Alan García: ambición histórica y decisión política

J. Eduardo Ponce Vivanco
Lima, Perú

Desde que Vizcarra gritó “¡basta!” a la política de “odio y confrontación, que no ha hecho otra cosa que perjudicar al país”, hasta el suicidio de Alan García, naufragamos en lo que el sucesor de Pedro Pablo Kuczynski (PPK) quería superar mediante “el pacto social entre los peruanos de cualquier ideología política y credo” que propuso al Congreso el 3 de marzo de 2018.

La moral del país está sumergida en Lava Jato, en la arbitrariedad con que la Fiscalía interpreta la ley, y en una justicia convertida en telenovela escandalosa. En dirección inversa a la que Vizcarra predicó hace 14 meses, la nación es zarandeada por las contradicciones gubernamentales y su presión política sobre poderes e instituciones cuya independencia dice respetar. La desconfianza, zozobra e incertidumbre acumuladas han explotado en un suicidio trágico y en el calvario quirúrgico del octogenario PPK.

Aunque los peruanos sabemos que el número de leyes es inversamente proporcional a su cumplimiento, nos sorprendimos cuando el prestigioso Fiscal Coordinador del Equipo Especial Lava Jato afirmó (16.4.2019) que era improcedente invocar el artículo 290, inciso a) del Código Procesal Penal (mayores de 65 años solo son pasibles de detención domiciliaria) en el caso de Kuczynski. Es una interpretación “antojadiza”, dijo, porque el Ministerio Público considera “evidente” que ese convaleciente ciudadano “goza de salud”.

Y fue más allá al agregar que los argumentos a discutir solo se centrarán en “la proporcionalidad de la medida, su necesidad, su exigencia, y al caso que está planteando el Ministerio Público”. Léase: si agravamos la imputación al investigado justificaremos mayores medidas restrictivas a su libertad.

Pero la instrumentación fiscal de una metodología maquiavélica e inquisitorial no sería tan grave si los jueces y tribunales no acogieran los alegatos y petitorios que reciben de los titulares de la acción penal, que interpretan a su antojo y conveniencia las normas del Código que debería regir sus actuaciones.

Estas sistemáticas transgresiones han venido recibiendo el firme respaldo del Jefe de Estado en declaraciones públicas que no se condicen con el proclamado “respeto a la independencia de poderes” ni con el correcto funcionamiento del sistema de justicia en un Estado Constitucional de Derecho, base de la seguridad jurídica inherente a una democracia en la que cada ciudadano sienta que sus derechos están debidamente protegidos.

Ante la evidencia de que el Perú de nuestros días está lejos de tan envidiable situación no es posible que García se haya suicidado por causas desvinculadas a las medidas de los fiscales que ordenaron: su detención y el allanamiento de su domicilio.
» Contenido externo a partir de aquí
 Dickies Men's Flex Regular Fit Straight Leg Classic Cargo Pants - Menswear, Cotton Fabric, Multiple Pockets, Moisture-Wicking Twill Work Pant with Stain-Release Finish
Pretender que su “personalísima” decisión de quitarse la vida no tiene que ver con ese proceso va más allá de un análisis razonable de las circunstancias y ofende a la inteligencia de cualquier observador imparcial.

En una república que no ha cumplido dos centurias, los 96 años del APRA suenan a longevidad política, y en un Perú cuyas civilizaciones más remotas trascienden los cinco milenios ese lapso equivale a minutos. Pero en la relatividad del espacio-tiempo histórico que inspiró a Haya de la Torre, los años del partido político que fundó se multiplican. Si nuestra historia republicana aún no ha llegado al bicentenario, es notorio que la gesta partidaria iniciada en 1923 ocupe casi la mitad de nuestra frustrante historia política. Son partidos dignos de esa caracterización los que ayer reclamó el centenario líder social-cristiano Luis Bedoya Reyes ante el féretro de Alan García, en una manifestación cívica propia de sociedades democráticas.

A pesar de su desastroso primer gobierno, el dos veces presidente del Perú encarnó la capacidad de triunfar y convertir ideas en realidades. No es imposible entonces que esa rara cualidad haya inspirado su acto final para salvar al APRA de una mancha indeleble, y para regenerar la vitalidad que tuvo en el pasado.